“I remember when wars would end” sighs Jeff Tweedy on Ode to Joy, the 11th studio album from Wilco. “But now,” he laments, “when something is dead, we kill it again”.
Wilco and Tweedy have remained quietly industrious over the last 20 years, with a steady flow of albums in this decade that have a glowing thread of memoir running them – Tweedy now seems most comfortable reminiscing in his songwriting, often before he rendezvous with the here and now. Ode to Joy starts with the giveaway title – Wilco have been there and come back, and whilst they didn’t go through archetypal rock stardom and its pitfalls, it’s still been a bumpy ride of line-up changes, dodgy record companies and rehab visits.

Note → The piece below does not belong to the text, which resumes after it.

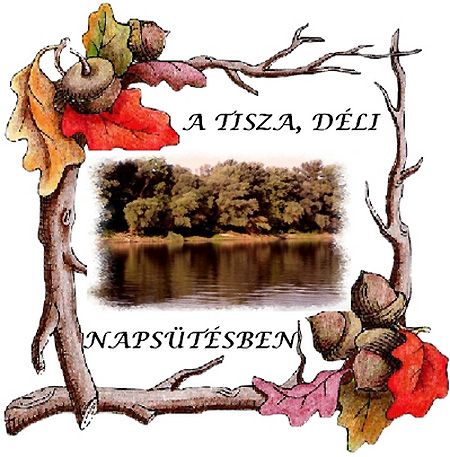 A_Tisza_déli_napsütésben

Many tracks on Ode to Joy conjure up the varnished dusty sounds of 2016’s Schmilco. Happily, much like that release, Nels Cline’s ethereal lap steel and telecaster guitars fizz like livewires on Everyone Hides, Mikael Jorgensen’s piano illuminated White Wooden Cross, and the ever-excellent Glenn Kochte on drums gets a leading prominence on much of the album, particularly Citizen with its mantra-esque introspectiveness.
Ode to Joy sits at one pole of the quintessential Wilco sound spectrum – fans have often preemptively wondered where each new Wilco album will land, and the sparkle and oddness of their 00s sonic journeying, which put Yankee Hotel Foxtrot and A Ghost is Born in the higher vintages of that decade, is mostly left out of the studio here. There’s sweetness, resignation and slightly sinister computerised tones in One and a Half Stars. All through Ode to Joy, Tweedy worries and frets about himself and us, as we scurry through life, too busy to digest all of the digital dark news, and he’s left with only his ‘desire to change’ if he could only get out of bed.
So planed-down, at times Ode to Joy would almost sound hollow if it were not for Tweedy’s enduring ability to write songs. Album closer An Empty Corner is beautiful, and again finds Wilco collectively grizzling backwards, recalling heydays of no sleep, coffee and something for the road, before settling for homeliness and warmth: “Now that I’m not longed for / the wild life seems wrong / I don’t believe you don’t care / You’ve got family out there”. Only We Were Lucky comes close to rattling the alt-country tag, that Wilco have openly always found so tedious, but Cline is set loose, and it’s delicious.
Not long ago it would have seemed unthinkable to feel nostalgia for the 00s. But compared to now, the world has shifted politically, socially, and musically in ways unimaginable. Tweedy seems happy to be on the other side of Wilco’s heyday, but Ode to Joy seems to urge us, in the present world, to hunker down and appreciate loved ones and each other, more now than ever.